Durbin’s Right and Wrong

Durbin was both stupid and wrong to compare the torture allegations to what we might hear out of Nazi Germany, the Khmer Rouge or the Soviet Gulags. He’s correct in a strict analogy that is where we expect to hear such horror stories, but the simple expanse of horrors under those regimes makes it a bad comparison. Since the US isn’t doing this systematically to entire populations it distracts attention and trivializes the victims. The ADL points this out well.

Zorn also points out Wes Clark’s point that pretty much raising Hitler in any political discussion means you lose–unless you are talking about Matt Hale, but that dipnuts is going to be in prison long enough that shouldn’t be a problem for a while.

The next part is what I posted over at Rich’s yesterday:

Nothing Dick Durbin did is going to help recruit young Islamic men to Al Qaeda. However, ignoring due process and engaging in prisoner treatment that is torture will only make the case against America stronger in the Middle East.

Due process in the modern world is largely a construct of Anglo-American political history–ignoring that proud tradition helps our enemies, not pointing out how we are ignoring it.

The prohibition against torture was enshrined in our own Constitution. If we can’t live up to our own social contract it’s a bit hard to sell our system as the better one–and it is.
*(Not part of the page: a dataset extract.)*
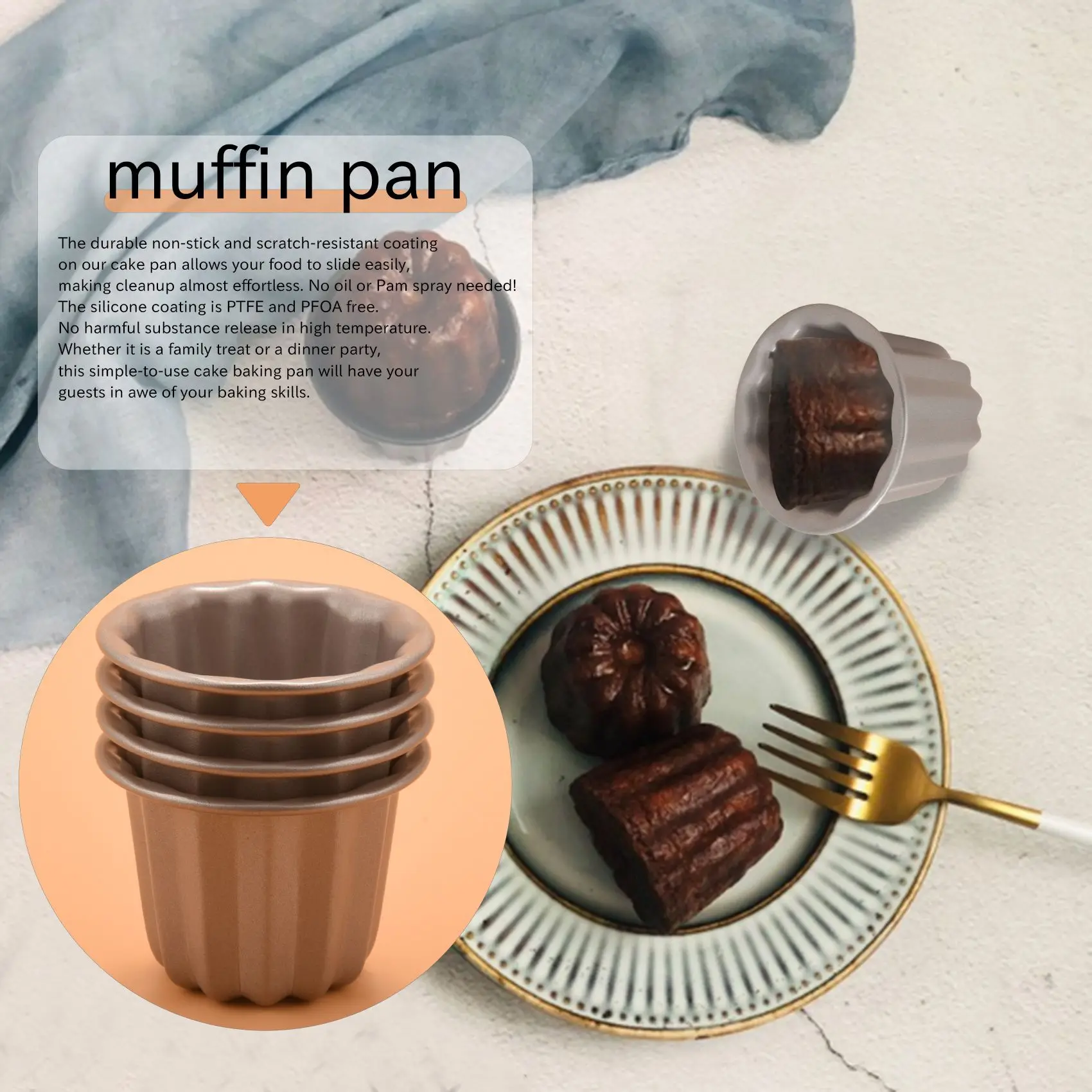 Canele Mold, Cannele Muffin Cup, 4Pcs Non-Stick Cannele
Calling on The United States to live up to it’s social contract isn’t helping our enemies, it’s standing up for the ideals our Founders layed out in the Declaration of Independence.

There’s a lot of crap on this subject that’s obscuring the basic point–the United States of America is denying individuals access to due process and engaging in torture whether by our hands or by the hands of our allies.

There is no excuse for either of the above. We are better than that and we should thank those who point that out. Confusing the point with genocide is stupid and Durbin allowed this to get off target by choosing cases that involved genocide. Why did he do that? Anger? Probably. Would Uzbekistan be better? Hard to say. We don’t shoot people for mass protests, but we do engage in torture. What’s most bothersome is that people feel the need to distinguish The United States from these horrible governments by saying we aren’t that bad.

The defense of the United States shouldn’t rest upon being not as bad as despots and genocidal lunatics, it should rest in our unfailing commitment to the rule of law–something we aren’t living up to now.

The odd thing is that the press would have yet again ignored the problem if he hadn’t used those examples.

2 thoughts on “Durbin’s Right and Wrong”
  1. As I’ve said on conservative blogs, those who think Durbin was comparing soldiers to Nazis, or that he needs to apologize, are the true America-haters. They’re illiterate as well.

  2. It’s because they no longer teach students how to diagram a sentence. As a result they apparently can’t tell how to identify pronoun antecedents or parts of speech.